Below are records; copy every line in them that holds the word "Comfort".

Supplied records:
☆ ☆ ☆ ☆

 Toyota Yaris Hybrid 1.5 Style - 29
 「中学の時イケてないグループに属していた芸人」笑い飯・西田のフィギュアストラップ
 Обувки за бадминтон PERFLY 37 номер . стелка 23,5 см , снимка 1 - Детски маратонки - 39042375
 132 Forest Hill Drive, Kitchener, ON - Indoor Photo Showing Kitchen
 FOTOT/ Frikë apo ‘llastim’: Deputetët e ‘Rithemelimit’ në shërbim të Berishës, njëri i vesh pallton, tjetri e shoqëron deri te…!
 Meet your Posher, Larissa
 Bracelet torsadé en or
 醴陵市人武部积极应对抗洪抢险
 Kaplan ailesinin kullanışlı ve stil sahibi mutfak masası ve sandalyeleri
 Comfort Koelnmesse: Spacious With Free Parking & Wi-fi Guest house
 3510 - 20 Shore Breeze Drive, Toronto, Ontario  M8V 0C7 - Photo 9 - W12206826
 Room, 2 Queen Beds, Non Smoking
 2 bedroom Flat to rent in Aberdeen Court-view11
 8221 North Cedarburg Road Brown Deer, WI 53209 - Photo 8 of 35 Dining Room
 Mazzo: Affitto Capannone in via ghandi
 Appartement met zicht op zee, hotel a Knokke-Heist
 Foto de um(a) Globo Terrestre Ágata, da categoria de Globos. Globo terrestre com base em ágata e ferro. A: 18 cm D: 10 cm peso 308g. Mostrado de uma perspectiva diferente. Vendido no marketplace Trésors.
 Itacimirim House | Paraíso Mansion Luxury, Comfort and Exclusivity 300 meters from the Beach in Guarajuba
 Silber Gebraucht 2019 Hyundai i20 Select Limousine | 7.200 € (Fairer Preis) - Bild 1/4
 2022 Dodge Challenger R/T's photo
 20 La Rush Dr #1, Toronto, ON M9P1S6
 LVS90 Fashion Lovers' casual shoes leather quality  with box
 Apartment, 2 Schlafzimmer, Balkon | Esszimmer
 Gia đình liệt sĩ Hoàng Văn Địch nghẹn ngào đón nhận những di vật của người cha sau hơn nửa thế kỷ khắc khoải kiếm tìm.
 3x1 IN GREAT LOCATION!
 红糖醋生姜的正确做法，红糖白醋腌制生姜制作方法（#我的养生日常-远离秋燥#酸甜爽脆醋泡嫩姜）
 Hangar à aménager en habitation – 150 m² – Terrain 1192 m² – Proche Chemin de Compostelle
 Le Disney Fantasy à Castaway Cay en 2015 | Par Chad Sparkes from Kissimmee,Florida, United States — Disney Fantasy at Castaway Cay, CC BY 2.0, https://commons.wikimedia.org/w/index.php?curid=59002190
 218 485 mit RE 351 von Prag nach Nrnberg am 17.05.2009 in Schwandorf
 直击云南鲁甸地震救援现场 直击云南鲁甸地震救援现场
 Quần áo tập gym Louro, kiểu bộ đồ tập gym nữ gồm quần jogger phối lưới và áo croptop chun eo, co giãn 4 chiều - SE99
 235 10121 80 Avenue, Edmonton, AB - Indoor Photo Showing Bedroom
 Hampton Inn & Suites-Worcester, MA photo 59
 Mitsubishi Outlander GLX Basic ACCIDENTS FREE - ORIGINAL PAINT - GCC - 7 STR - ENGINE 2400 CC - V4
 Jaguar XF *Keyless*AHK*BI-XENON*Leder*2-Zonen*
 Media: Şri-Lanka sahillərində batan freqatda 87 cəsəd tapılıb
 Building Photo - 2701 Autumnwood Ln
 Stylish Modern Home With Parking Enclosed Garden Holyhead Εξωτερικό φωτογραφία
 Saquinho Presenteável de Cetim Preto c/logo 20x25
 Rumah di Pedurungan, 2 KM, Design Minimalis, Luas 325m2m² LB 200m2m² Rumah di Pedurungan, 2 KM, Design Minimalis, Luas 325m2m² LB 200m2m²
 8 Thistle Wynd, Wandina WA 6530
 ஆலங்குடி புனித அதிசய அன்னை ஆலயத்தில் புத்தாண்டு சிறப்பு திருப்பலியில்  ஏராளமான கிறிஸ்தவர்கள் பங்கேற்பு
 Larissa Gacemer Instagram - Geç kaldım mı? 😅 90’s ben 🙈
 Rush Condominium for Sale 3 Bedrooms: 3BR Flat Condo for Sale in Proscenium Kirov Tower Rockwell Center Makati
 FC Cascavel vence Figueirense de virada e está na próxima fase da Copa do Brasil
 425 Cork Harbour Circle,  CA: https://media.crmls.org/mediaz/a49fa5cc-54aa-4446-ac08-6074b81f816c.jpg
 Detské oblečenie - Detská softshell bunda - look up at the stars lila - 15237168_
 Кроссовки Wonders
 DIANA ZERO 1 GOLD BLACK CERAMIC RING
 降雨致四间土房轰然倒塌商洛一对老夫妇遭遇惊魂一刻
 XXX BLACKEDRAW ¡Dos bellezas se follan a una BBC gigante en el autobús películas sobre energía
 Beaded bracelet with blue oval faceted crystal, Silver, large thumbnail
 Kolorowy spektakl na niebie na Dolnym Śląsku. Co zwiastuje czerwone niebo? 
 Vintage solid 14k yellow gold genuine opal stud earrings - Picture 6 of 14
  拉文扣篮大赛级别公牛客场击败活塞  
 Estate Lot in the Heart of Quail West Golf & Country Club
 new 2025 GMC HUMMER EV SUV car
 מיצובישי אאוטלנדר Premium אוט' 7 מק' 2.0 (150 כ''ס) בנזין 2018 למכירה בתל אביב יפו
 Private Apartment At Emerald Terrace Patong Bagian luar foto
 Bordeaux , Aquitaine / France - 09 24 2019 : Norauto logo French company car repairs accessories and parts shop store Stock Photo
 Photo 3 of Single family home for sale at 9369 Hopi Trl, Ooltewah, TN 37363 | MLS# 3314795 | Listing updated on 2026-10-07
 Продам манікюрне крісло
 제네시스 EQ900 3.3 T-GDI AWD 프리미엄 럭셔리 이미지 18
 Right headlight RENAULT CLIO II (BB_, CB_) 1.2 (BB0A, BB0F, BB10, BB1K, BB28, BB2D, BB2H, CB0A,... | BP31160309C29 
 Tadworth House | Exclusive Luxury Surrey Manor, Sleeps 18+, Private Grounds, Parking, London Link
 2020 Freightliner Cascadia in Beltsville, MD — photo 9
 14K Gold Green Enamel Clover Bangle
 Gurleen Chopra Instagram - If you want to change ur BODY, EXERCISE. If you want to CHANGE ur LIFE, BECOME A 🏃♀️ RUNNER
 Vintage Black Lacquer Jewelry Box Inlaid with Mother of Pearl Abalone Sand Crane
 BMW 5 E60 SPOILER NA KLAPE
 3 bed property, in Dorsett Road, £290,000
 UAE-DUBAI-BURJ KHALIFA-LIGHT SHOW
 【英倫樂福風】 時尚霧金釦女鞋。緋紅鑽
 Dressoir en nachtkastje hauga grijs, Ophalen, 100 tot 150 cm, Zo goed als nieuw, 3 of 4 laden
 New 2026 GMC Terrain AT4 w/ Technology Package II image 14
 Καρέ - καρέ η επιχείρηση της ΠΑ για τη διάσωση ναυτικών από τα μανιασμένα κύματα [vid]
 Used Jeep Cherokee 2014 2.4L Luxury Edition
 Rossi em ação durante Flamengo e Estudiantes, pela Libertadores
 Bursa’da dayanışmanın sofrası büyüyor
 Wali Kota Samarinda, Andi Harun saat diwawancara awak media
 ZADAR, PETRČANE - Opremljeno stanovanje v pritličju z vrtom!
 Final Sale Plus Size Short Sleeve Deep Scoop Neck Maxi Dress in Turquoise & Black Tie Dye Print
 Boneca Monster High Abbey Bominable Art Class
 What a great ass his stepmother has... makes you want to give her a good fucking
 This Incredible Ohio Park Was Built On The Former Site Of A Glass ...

☆ ☆ ☆ ☆

Written response:
 Comfort Koelnmesse: Spacious With Free Parking & Wi-fi Guest house
 Itacimirim House | Paraíso Mansion Luxury, Comfort and Exclusivity 300 meters from the Beach in Guarajuba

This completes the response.